_Task objective_
Give back the listing word for word, from top to bottom.

........

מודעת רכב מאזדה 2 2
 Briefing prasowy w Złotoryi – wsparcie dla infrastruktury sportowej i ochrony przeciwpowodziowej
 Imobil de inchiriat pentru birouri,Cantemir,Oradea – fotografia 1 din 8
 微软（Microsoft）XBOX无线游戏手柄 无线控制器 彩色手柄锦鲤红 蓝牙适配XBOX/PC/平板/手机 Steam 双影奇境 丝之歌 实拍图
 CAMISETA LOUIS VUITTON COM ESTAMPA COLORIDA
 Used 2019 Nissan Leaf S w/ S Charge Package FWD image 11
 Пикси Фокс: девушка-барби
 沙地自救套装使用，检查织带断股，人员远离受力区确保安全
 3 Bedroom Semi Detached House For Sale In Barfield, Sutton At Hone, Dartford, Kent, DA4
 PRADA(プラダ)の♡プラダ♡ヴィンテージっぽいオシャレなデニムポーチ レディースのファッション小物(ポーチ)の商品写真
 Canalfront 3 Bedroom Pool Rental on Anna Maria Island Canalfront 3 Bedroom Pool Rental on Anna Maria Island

........

_Written response_
מודעת רכב מאזדה 2 2
 Briefing prasowy w Złotoryi – wsparcie dla infrastruktury sportowej i ochrony przeciwpowodziowej
 Imobil de inchiriat pentru birouri,Cantemir,Oradea – fotografia 1 din 8
 微软（Microsoft）XBOX无线游戏手柄 无线控制器 彩色手柄锦鲤红 蓝牙适配XBOX/PC/平板/手机 Steam 双影奇境 丝之歌 实拍图
 CAMISETA LOUIS VUITTON COM ESTAMPA COLORIDA
 Used 2019 Nissan Leaf S w/ S Charge Package FWD image 11
 Пикси Фокс: девушка-барби
 沙地自救套装使用，检查织带断股，人员远离受力区确保安全
 3 Bedroom Semi Detached House For Sale In Barfield, Sutton At Hone, Dartford, Kent, DA4
 PRADA(プラダ)の♡プラダ♡ヴィンテージっぽいオシャレなデニムポーチ レディースのファッション小物(ポーチ)の商品写真
 Canalfront 3 Bedroom Pool Rental on Anna Maria Island Canalfront 3 Bedroom Pool Rental on Anna Maria Island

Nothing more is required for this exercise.